• ACTIVITY:
Locate the line bearing "Pilea Μίνι φόρεμα από βαμβακερό κέντημα" in the material below, then reproduce it and each following line up to and including the line bearing "NHL Vancouver Canucks".

• SOURCE MATERIAL:

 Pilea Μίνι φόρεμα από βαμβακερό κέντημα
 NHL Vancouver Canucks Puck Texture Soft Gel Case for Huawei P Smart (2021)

---

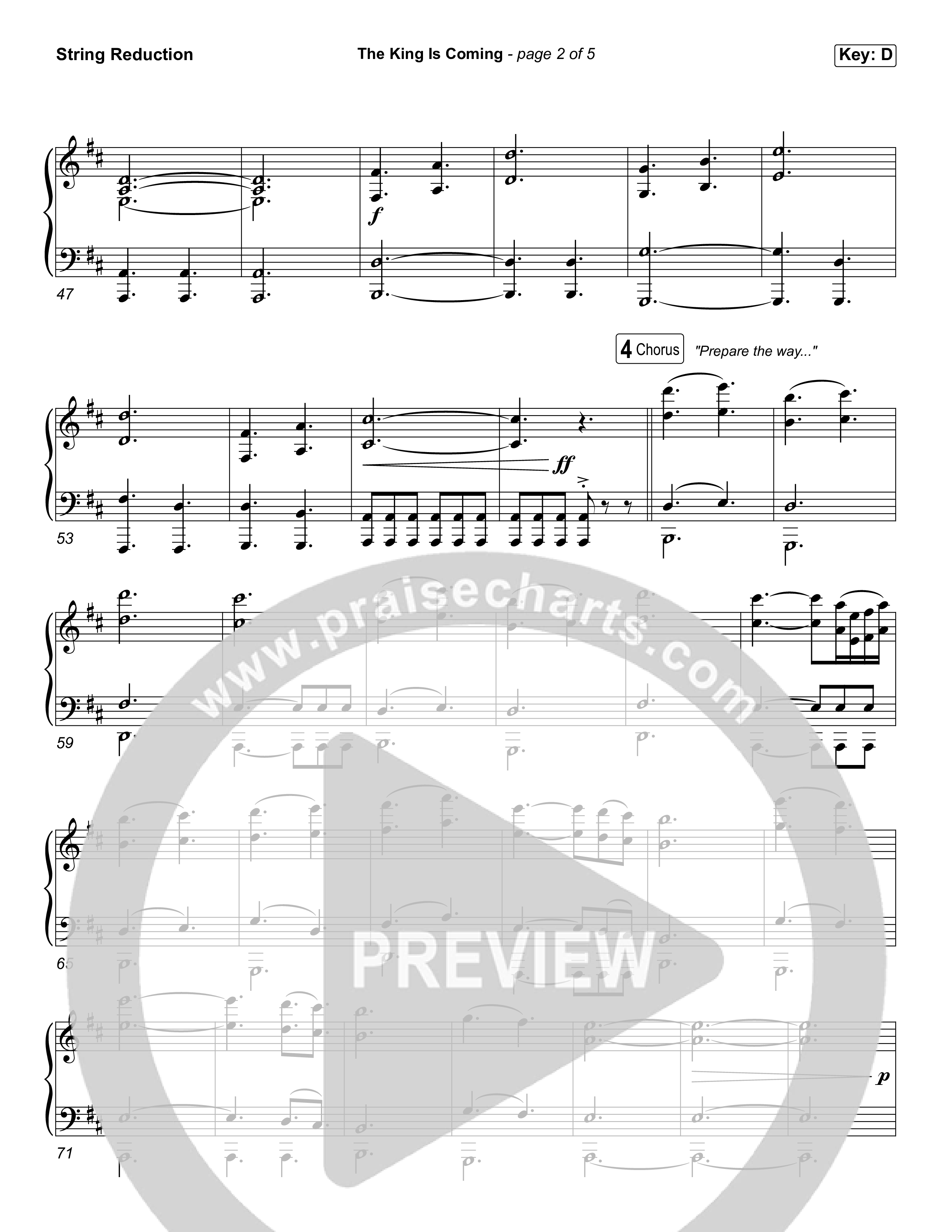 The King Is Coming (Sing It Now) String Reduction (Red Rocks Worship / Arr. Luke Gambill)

• RESPONSE TO THIS EXERCISE:
 Pilea Μίνι φόρεμα από βαμβακερό κέντημα
 NHL Vancouver Canucks Puck Texture Soft Gel Case for Huawei P Smart (2021)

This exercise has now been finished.